By Diane Freda (Bureau of National Affairs Author)

Bill Gates Sr. is one of approximately 2,000 wealthy Americans who have signed on in favor of having a strong estate tax, Mike Lapham, director of United for a Fair Economy’s Responsible Wealth Project, said April 11.

Speaking at a Democratic Action Education Fund progressive liberal briefing on how to get the wealthiest 1 percent of the population to pay more in taxes, Lapham said some of them are supporting H.R. 3467, a bill by Rep. Jim McDermott (D-Wash.) that would return the estate tax to a 55% maximum marginal tax rate and create a $1 million exemption for individuals and $2 million exemption for married couples. Both would be indexed for inflation.

Lapham said some of the wealthy people he is working with on the East and West coasts think the $1 million exemption level is too low, since property values are higher there and that exemption level is quickly reached.

“Certainly we don’t need it to be $5 million, we don’t even need it to be $3.5 million per person or $7 million per couple,” he said. He favors a tax rate lower than 45% that gradually rises so that more people are pulled into paying the tax, and thinks the rate also should be indexed for inflation.

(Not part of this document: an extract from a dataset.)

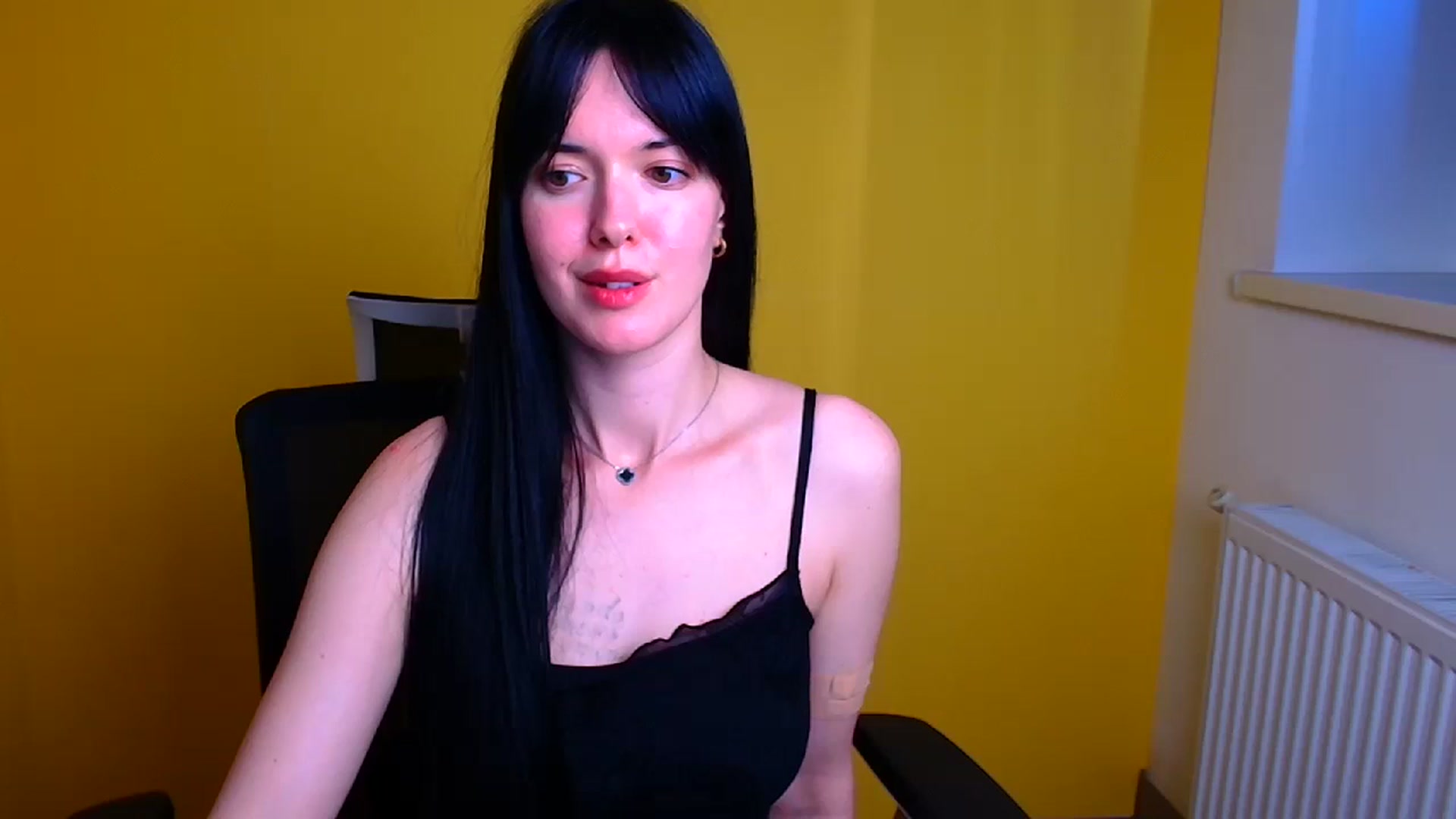 Gallery image thumbnail from Black_Red's myfreecams stream on, 05/03/2024, 12:00 image 17 of 20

Seven panelists came at the issue of how to accomplish tax reform from different angles. All of them said the opportunity for change should be seized now-while populist feeling is running high over what is perceived as mounting tax inequality.

Wall Street Speculation Tax

As have other presidents, President Obama has framed a progressive income tax as a fairness issue rather than as a way to pay for war or other specific governmental needs, Rebecca Thiess, analyst with the Economic Policy Institute, told the gathering.

Dean Baker, co-director of the Center for Economic Policy Research, said he is in favor of a financial speculations tax-taxing Wall Street speculation-which would have the added benefit of discouraging short-term speculation in the financial markets. Taxing stock trades alone could yield $150 billion a year, he said.

The most elemental fix for many would be allowing the high-income Bush-era tax cuts to expire. Tax cuts for the top 2% of wage earners should be taken back, said Baker and Chuck Marr, director of federal tax policy at the Center on Budget and Policy Priorities. That would raise the top tax rate to 39.6%. The economy did well in the 1990s when the job creators paid that tax rate, Baker said. He also said a tax rate of 45% or 50% should not be a problem.

In addition, there is a big gap between capital gains and dividend income, and ordinary income, which is why the so-called Buffett rule has come into being, Baker said. The rule, named after billionaire investor Warren Buffett, would set a minimum 30% tax rate on households earning more than $1 million per year. The Buffetts of the world get most or all of their income from capital gains and dividends and are paying 15%, while average working Americans pay 25%, according to Baker.

Corporate Taxes

Meanwhile, Robert McIntyre, director of Citizens for Tax Justice, said that while Obama wants to get rid of tax loopholes, he then wants to use the money to lower the corporate tax rate. McIntyre said Obama believes corporations are paying “exactly the perfect amount in taxes right now,” which is 1.2% of gross domestic product. “I think we can talk him out of that,” McIntyre added.

McIntyre said some corporations are paying the full 35% while others are paying nothing. For the most part, who pays depends on who has lobbying power in Congress, he said.

The debate over whether the United States should tax foreign profits should be elevated so that average Americans can weigh in, Marr said. Many of the congressional plans say there should be a zero percent tax rate on foreign profits. But the average person might not think it is good to encourage investments overseas ahead of in the United States, he said.